### Activity
For the entries below, return the line holding "Beppe Dettori &" together with all lines after it, unchanged, and leave every picture out.

[Image-caption web data]
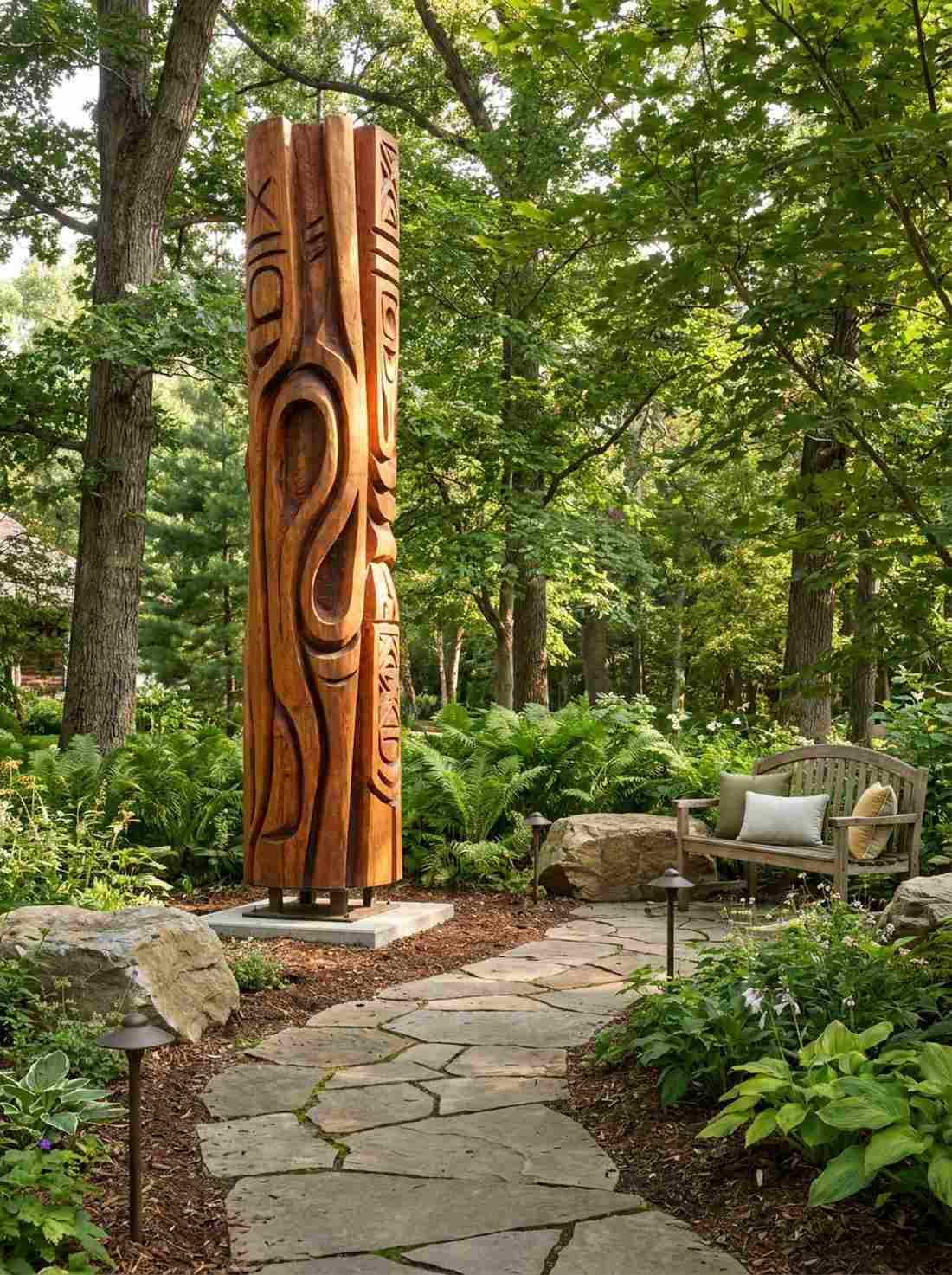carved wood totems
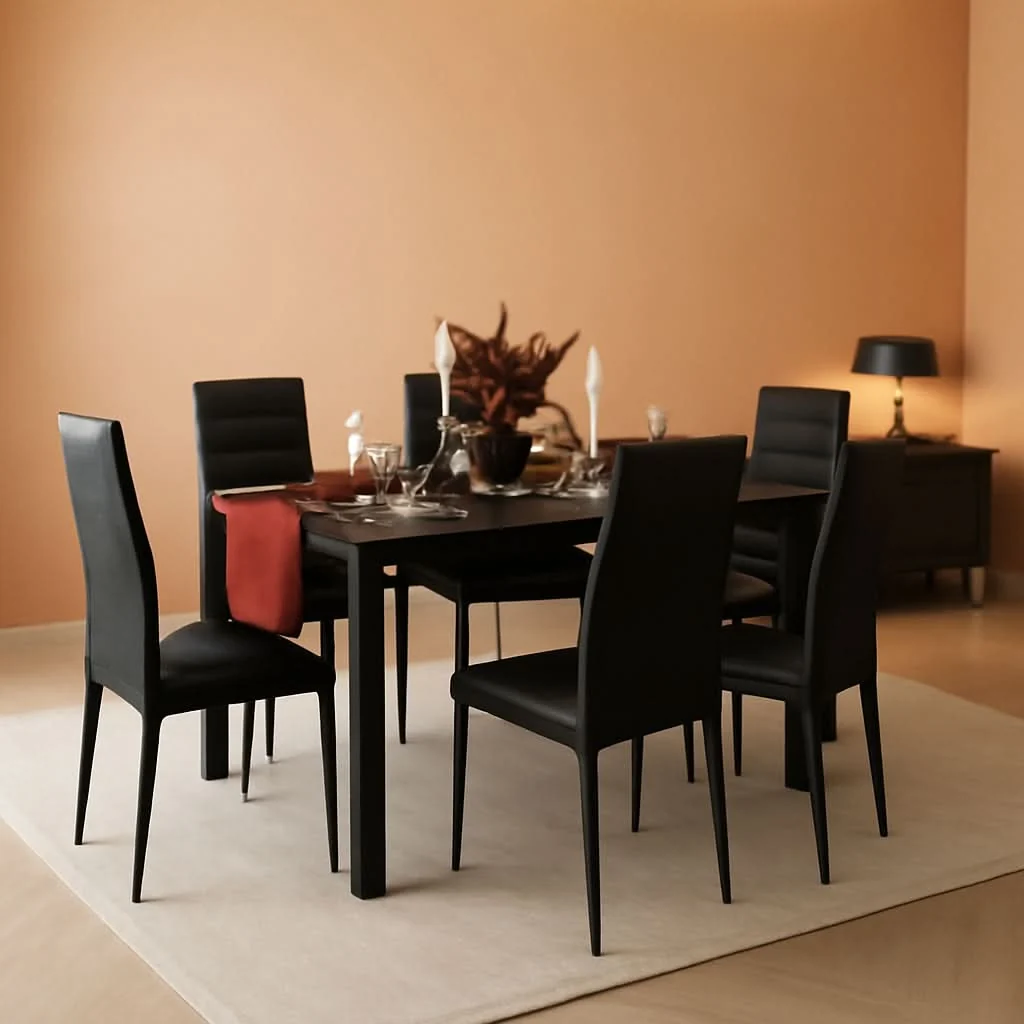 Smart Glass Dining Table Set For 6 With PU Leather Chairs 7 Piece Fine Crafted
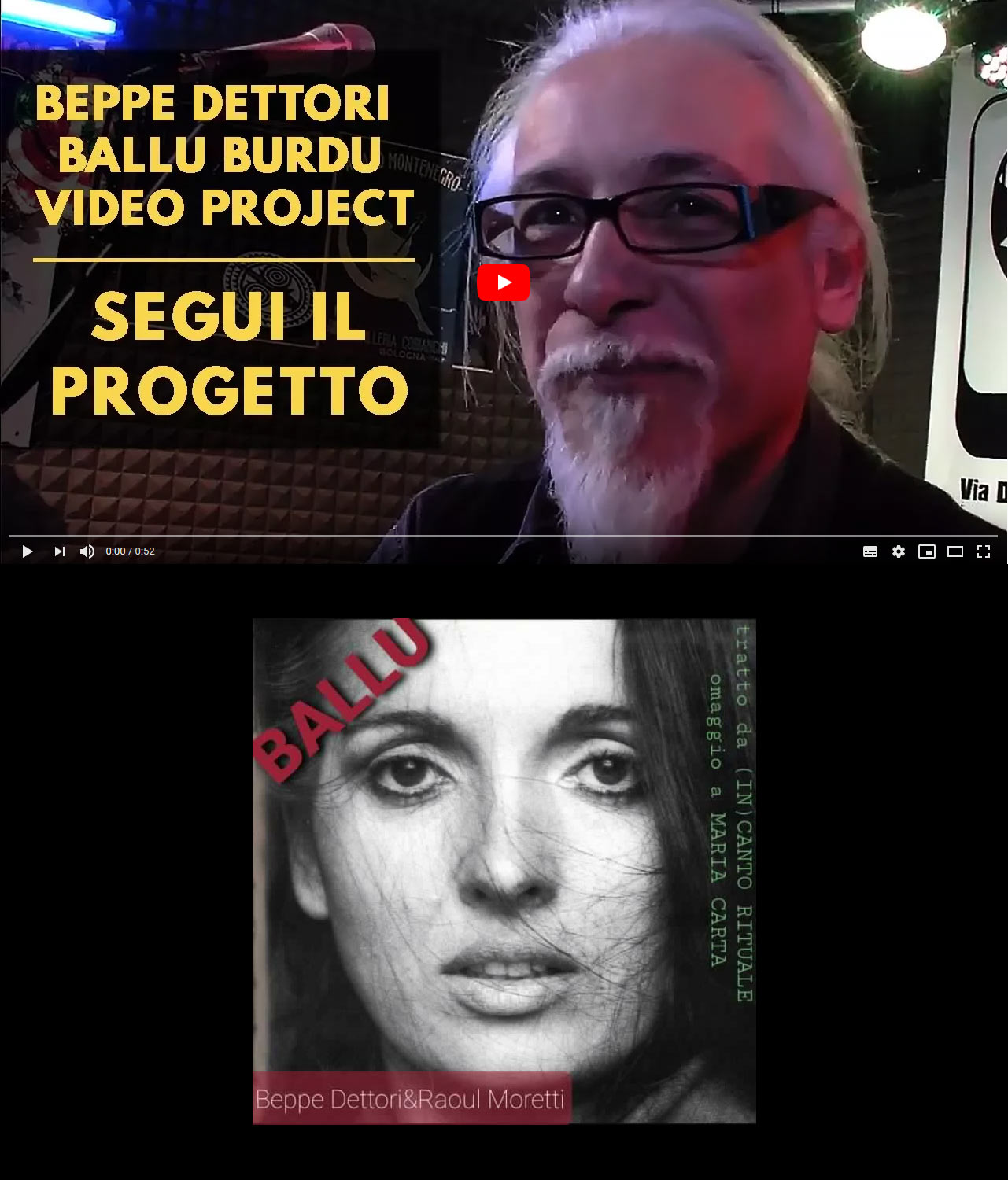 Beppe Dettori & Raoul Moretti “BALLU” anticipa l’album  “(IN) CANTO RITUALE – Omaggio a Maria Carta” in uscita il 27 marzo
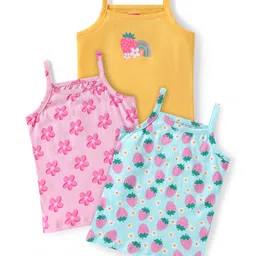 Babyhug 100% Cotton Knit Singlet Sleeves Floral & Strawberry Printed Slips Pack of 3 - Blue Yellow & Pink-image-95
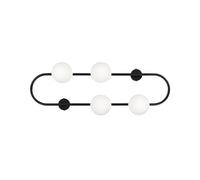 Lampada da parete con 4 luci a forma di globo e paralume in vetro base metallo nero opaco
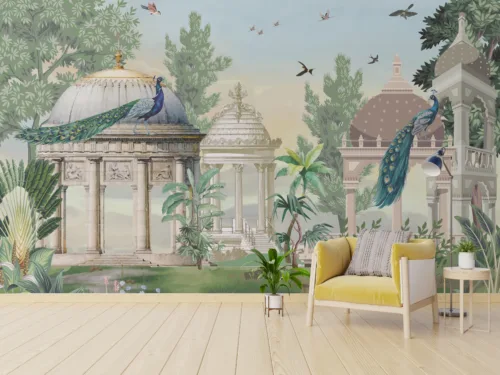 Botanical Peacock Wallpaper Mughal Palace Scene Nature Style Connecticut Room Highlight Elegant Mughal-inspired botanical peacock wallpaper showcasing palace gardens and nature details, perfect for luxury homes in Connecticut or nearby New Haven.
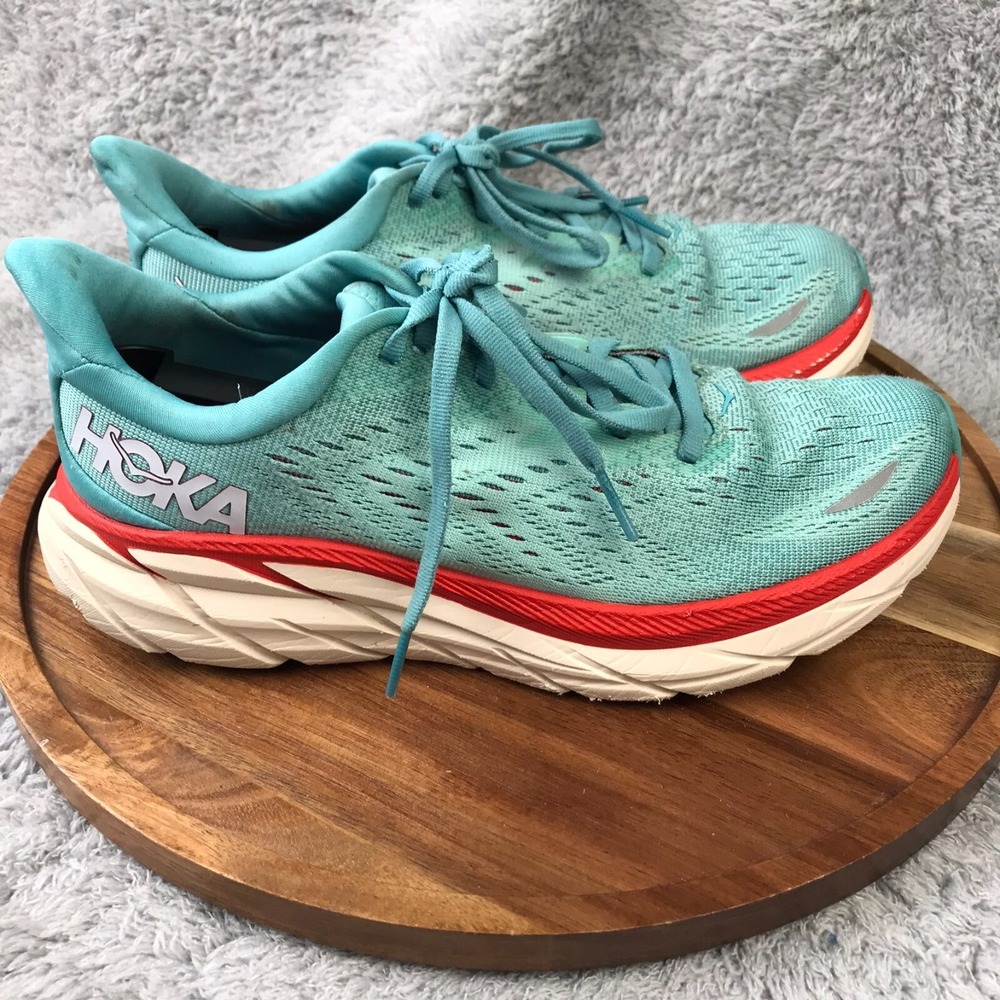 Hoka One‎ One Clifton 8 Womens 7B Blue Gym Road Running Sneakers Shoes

### Result
 Beppe Dettori & Raoul Moretti “BALLU” anticipa l’album  “(IN) CANTO RITUALE – Omaggio a Maria Carta” in uscita il 27 marzo
 Babyhug 100% Cotton Knit Singlet Sleeves Floral & Strawberry Printed Slips Pack of 3 - Blue Yellow & Pink-image-95
 Lampada da parete con 4 luci a forma di globo e paralume in vetro base metallo nero opaco
 Botanical Peacock Wallpaper Mughal Palace Scene Nature Style Connecticut Room Highlight Elegant Mughal-inspired botanical peacock wallpaper showcasing palace gardens and nature details, perfect for luxury homes in Connecticut or nearby New Haven.
 Hoka One‎ One Clifton 8 Womens 7B Blue Gym Road Running Sneakers Shoes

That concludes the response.